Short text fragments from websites
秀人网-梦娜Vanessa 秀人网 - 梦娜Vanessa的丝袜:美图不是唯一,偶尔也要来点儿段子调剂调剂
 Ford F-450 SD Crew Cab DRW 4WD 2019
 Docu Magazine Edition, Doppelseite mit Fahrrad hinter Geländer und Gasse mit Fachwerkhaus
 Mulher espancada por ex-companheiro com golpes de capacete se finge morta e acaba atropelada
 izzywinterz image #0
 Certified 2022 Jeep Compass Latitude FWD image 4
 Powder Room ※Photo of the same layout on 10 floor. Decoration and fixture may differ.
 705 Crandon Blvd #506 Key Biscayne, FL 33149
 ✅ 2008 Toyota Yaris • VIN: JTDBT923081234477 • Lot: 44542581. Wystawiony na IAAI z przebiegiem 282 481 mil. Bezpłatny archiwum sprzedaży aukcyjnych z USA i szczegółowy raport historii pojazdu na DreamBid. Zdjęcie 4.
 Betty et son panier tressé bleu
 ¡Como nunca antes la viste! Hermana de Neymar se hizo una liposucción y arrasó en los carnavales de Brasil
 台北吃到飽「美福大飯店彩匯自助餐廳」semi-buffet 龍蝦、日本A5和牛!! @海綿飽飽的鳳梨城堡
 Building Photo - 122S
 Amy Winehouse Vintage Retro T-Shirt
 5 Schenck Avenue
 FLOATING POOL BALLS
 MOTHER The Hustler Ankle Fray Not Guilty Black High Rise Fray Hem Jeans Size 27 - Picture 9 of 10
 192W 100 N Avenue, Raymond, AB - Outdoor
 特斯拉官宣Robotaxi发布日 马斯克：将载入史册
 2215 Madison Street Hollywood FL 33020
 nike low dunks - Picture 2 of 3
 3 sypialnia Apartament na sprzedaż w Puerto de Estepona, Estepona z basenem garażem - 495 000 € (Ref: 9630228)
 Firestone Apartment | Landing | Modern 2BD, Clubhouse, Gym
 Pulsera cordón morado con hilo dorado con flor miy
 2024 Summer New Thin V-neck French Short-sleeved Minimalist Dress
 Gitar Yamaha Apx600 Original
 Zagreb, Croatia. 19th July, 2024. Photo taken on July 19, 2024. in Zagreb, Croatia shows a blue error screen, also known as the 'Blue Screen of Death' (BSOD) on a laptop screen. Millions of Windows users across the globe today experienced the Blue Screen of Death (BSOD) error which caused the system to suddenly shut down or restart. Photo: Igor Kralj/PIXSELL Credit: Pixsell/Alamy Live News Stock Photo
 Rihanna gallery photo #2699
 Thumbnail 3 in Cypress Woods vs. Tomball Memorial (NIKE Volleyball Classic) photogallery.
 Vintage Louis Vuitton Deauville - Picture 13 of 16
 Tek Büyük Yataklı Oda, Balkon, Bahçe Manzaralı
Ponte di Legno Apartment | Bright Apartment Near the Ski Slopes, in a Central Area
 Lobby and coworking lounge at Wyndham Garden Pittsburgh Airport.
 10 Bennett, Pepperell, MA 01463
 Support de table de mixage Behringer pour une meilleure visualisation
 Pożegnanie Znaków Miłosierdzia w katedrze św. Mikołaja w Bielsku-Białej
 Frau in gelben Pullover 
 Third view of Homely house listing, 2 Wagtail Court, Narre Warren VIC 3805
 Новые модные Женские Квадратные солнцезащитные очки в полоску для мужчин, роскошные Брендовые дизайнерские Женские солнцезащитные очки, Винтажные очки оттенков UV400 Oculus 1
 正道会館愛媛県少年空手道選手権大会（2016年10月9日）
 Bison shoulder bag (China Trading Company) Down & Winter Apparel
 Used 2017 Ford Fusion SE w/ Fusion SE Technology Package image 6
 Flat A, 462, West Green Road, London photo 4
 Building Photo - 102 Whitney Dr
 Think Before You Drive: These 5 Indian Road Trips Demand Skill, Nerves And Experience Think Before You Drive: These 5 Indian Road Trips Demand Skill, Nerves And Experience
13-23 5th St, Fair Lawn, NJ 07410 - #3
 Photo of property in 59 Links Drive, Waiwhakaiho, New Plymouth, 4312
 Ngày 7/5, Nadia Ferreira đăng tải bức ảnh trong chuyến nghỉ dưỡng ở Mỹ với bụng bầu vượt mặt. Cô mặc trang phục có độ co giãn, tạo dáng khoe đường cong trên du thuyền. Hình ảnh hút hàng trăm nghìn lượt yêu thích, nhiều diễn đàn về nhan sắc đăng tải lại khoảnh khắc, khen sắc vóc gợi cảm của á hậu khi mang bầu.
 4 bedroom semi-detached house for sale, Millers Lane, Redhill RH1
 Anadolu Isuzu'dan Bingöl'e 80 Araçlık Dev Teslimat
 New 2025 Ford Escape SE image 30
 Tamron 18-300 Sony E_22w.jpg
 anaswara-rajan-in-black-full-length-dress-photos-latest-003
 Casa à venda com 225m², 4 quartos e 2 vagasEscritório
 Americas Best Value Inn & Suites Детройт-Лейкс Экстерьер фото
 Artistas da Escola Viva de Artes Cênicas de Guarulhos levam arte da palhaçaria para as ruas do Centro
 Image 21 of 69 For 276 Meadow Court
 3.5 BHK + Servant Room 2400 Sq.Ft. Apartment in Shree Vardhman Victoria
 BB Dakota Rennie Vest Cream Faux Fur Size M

(PROBLEM DETAILS) Starting with the first line of the data above, copy each line exactly until you reach the line with "carnavales de Brasil"; include that line as well.

(ANSWER SECTION)
秀人网-梦娜Vanessa 秀人网 - 梦娜Vanessa的丝袜:美图不是唯一,偶尔也要来点儿段子调剂调剂
 Ford F-450 SD Crew Cab DRW 4WD 2019
 Docu Magazine Edition, Doppelseite mit Fahrrad hinter Geländer und Gasse mit Fachwerkhaus
 Mulher espancada por ex-companheiro com golpes de capacete se finge morta e acaba atropelada
 izzywinterz image #0
 Certified 2022 Jeep Compass Latitude FWD image 4
 Powder Room ※Photo of the same layout on 10 floor. Decoration and fixture may differ.
 705 Crandon Blvd #506 Key Biscayne, FL 33149
 ✅ 2008 Toyota Yaris • VIN: JTDBT923081234477 • Lot: 44542581. Wystawiony na IAAI z przebiegiem 282 481 mil. Bezpłatny archiwum sprzedaży aukcyjnych z USA i szczegółowy raport historii pojazdu na DreamBid. Zdjęcie 4.
 Betty et son panier tressé bleu
 ¡Como nunca antes la viste! Hermana de Neymar se hizo una liposucción y arrasó en los carnavales de Brasil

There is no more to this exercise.